Spread across three rooms, the exhibition is an intimate showcase of how a basic graphic motif can be deployed in a diverse array of mediums and styles, with works ranging from graphite wash on paper, to oil on canvas, watercolor, acrylic, and collage. Curated by Agnes Gund, the exhibition moves from one material approach to another in a focused exploration of Johns’s desire to use the crosshatch as a visual structuring principle for “simple mathematical variations” that consider “how space can be divided.”1 But what emerges when these divisions take place? What is unearthed, and what meanings, conversely, are submerged below the surface?

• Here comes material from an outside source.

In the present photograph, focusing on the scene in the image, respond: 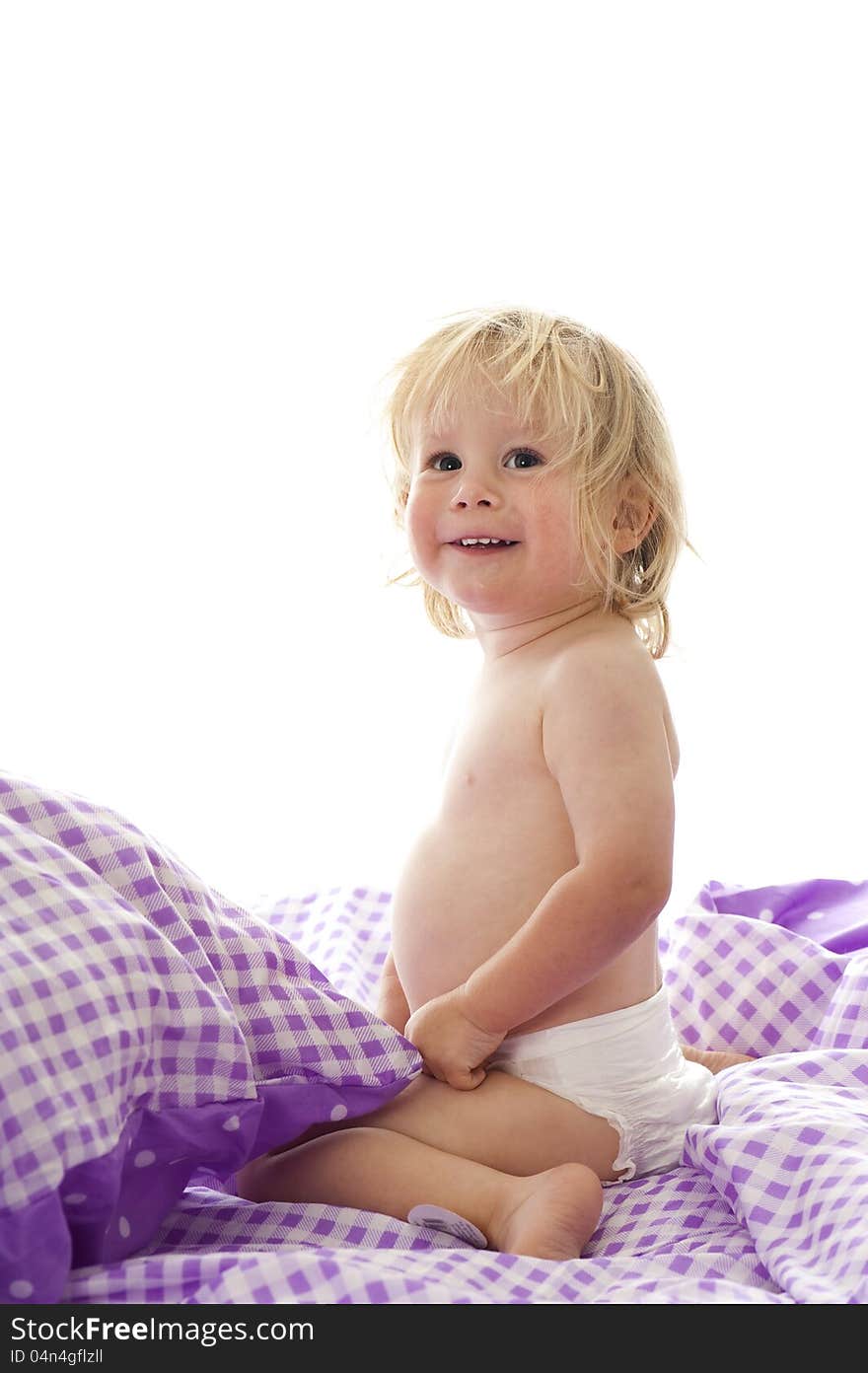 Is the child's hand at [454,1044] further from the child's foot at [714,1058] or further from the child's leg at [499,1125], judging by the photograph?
the child's foot at [714,1058]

A large, horizontal, untitled work anchors Craig F. Starr’s front room with thick strokes of primary color. This painting introduces a linguistic element, as Johns’s deftly handled acrylic paint allows collaged newsprint underneath to visibly surface between brushstrokes, revealing broken lines of text—like bits of found poetry or a radio signal coming in and out of reception. The exhibition itself is full of these small elements that inform and add context to the ubiquitous hatch marks.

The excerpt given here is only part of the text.